映画、舞台、市街劇も…寺山修司の衰えない人気の秘密
どんな人気作家でも亡くなった後は次第に読者を失い、本屋の棚から著書が消えていくのが世の常だが、没後34年の寺山修司の人気は衰えるどころかますます盛んになっている。長編小説「あゝ、荒野」が映画化され、年内に公開予定。8月には寺山修司記念館がある青森・三沢市で大掛かりな市街劇が予定されている。
「詩人、歌人、脚本家、映画監督、演出家、競馬評論家etc……とマルチに活躍した寺山の多面性と時代を超えた感性の鋭さが若者たちをひきつけているのでしょう」(演劇ジャーナリスト・山田勝仁氏)
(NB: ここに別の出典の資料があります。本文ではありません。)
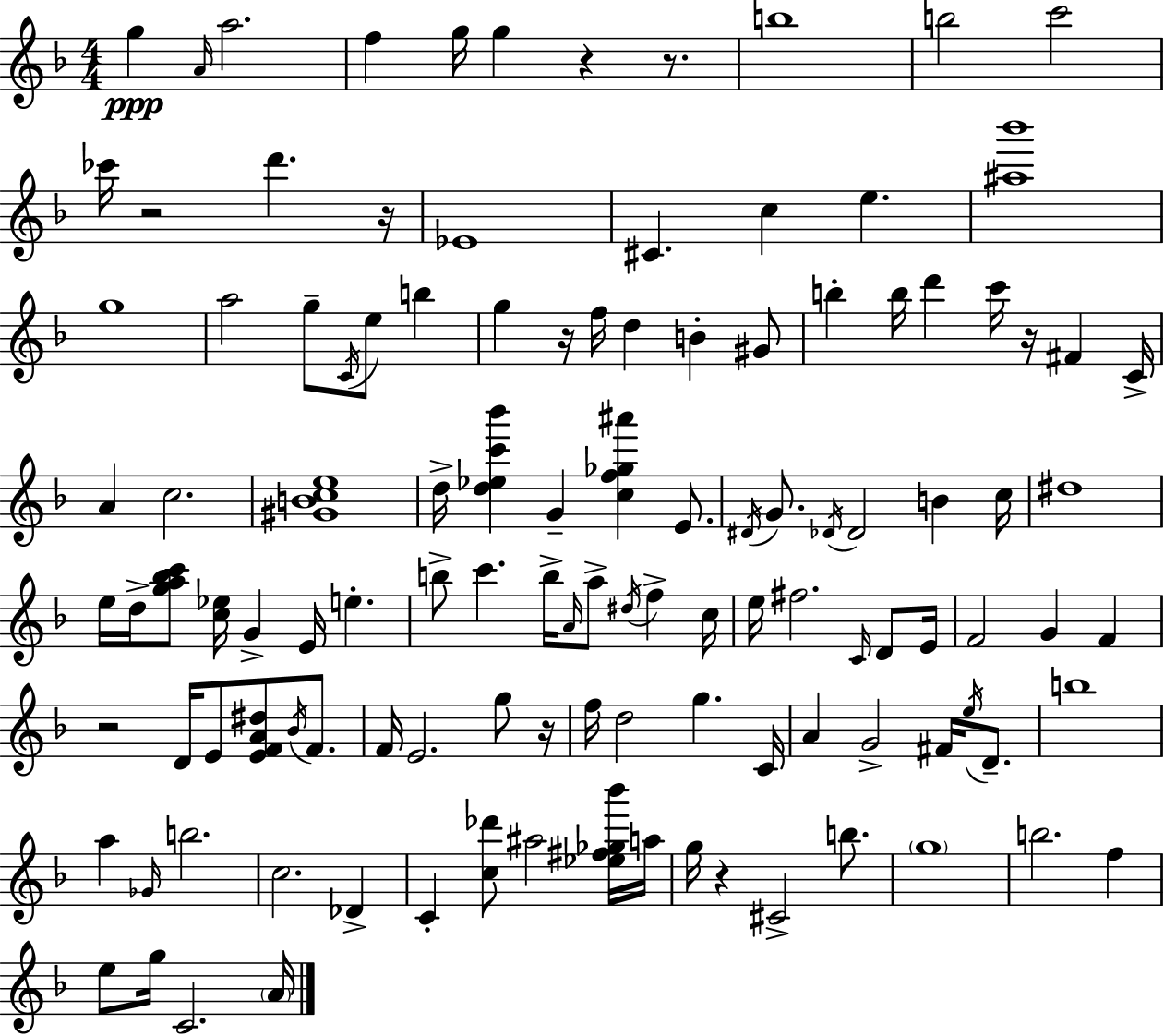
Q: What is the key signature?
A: D minor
舞台では、演劇実験室◎万有引力「身毒丸」(演出・音楽=J・A・シーザー、3月16~19日、世田谷パブリックシアター)、青蛾館「中国の不思議な役人」(演出=松村武、3月17~22日、東京芸術劇場シアターウエスト)が相次いで上演される。
前者は蜷川幸雄演出で知られるが、これは1978年に寺山修司率いる「天井桟敷」が上演したオリジナル版をベースに、琵琶、二十五弦箏、声楽家、ロックバンドなど、演奏・俳優陣60人余による壮大な和製ロックオペラ。
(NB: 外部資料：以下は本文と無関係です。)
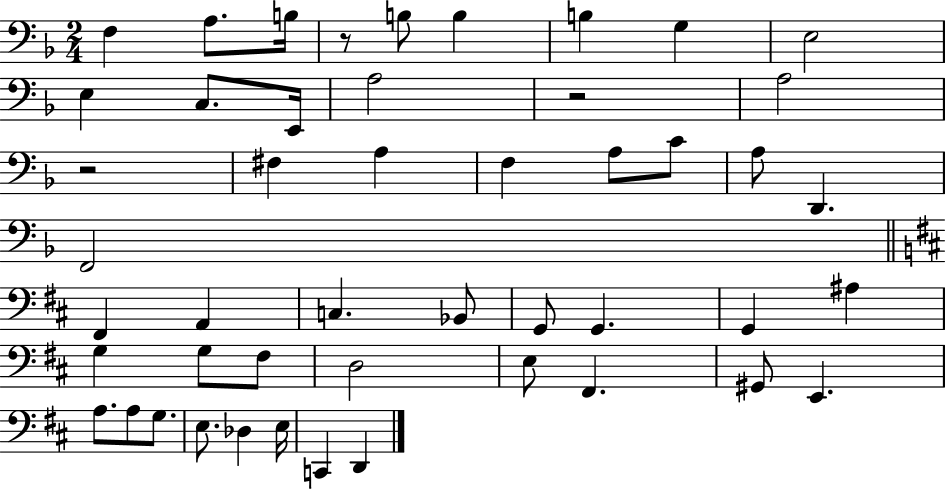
{
  \clef bass
  \numericTimeSignature
  \time 2/4
  \key f \major
  f4 a8. b16 | r8 b8 b4 | b4 g4 | e2 | \break e4 c8. e,16 | a2 | r2 | a2 | \break r2 | fis4 a4 | f4 a8 c'8 | a8 d,4. | \break f,2 | \bar "||" \break \key d \major fis,4 a,4 | c4. bes,8 | g,8 g,4. | g,4 ais4 | \break g4 g8 fis8 | d2 | e8 fis,4. | gis,8 e,4. | \break a8. a8 g8. | e8. des4 e16 | c,4 d,4 | \bar "|."
}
後者は77年に西武劇場で初演された作品で、09年に平幹二朗主演で再演。今回はオリジナル「身毒丸」の主演だった若松武史、池田有希子、石井愃一ら人気俳優をメーンに総勢35人が出演。美少女と不死の役人の奇怪な恋物語をスペクタクルな音楽劇にした。どちらも見逃せない舞台となりそうだ。